The OTI is responsible for booking space with the vessel operator then the OTI arranges to position the container at the warehouse or residence. They file the export paperwork on behalf of you the shipper and making sure that you the consignee have the required documents to clear the shipment at destination. The OTI does not arrange packing or loading but can generally help you with recommendations or refer you to moving companies they work with. You the shipper is expected to supply all the information required for the shipping and export paperwork but a good OTI will work with you to ensure it is all correct. For instance the weight of your effects is very important because they will be weighed in Ecuador prior to being allowed to leave Guayaquil and any discrepancy will delay your shipment. Most people can only guess at the weight of their belongings but this information is available on line free at the ocean terminal where every export container is weighed, so there is no need to pay the movers or the trucker to scale the load, the OTI can get this weight for your documents without a charge.

The price to ship a container from North America to Guayaquil varies depending upon the proximity of a port with a service to Ecuador. There is also not much saving for a 20ft container 1,172 cubic feet compared to a 40ft hi cube 2,669 cubic feet. A reasonable budget from positioning the container at your residence to arrival Guayaquil is $5,000.00 for a 20ft and $6,000.00 for a 40ft (there is no difference in price between the standard 8ft 6in high 40ft and the 9ft 6in high 40ft hi cube). Closer to a port it might be less and further away slightly more.

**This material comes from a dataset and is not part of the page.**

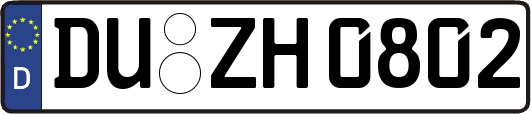 DU-ZH0802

To purchase seaworthy container also varies according to the region you buy it but $3,500.00 is a good budget and the usual additional charge by the vessel operator adds $500.00 to your freight cost. Currently you can sell your container in Ecuador for more than you have paid for it but be careful because you will have to include it as part of your special onetime free import which restricts your ability to sell it because you are prohibited from selling your duty free imported goods for three years. So unless you are planning to use it for long term storage this probably isn’t a good option for you. Also before you buy be careful to check that it will fit down the roads to your new residence and that there is an economic option to get it off the truck once it gets there. Cranes capable of lifting a loaded container off a truck are not generally available. Usually they will unload the container then pull it off the truck with chains.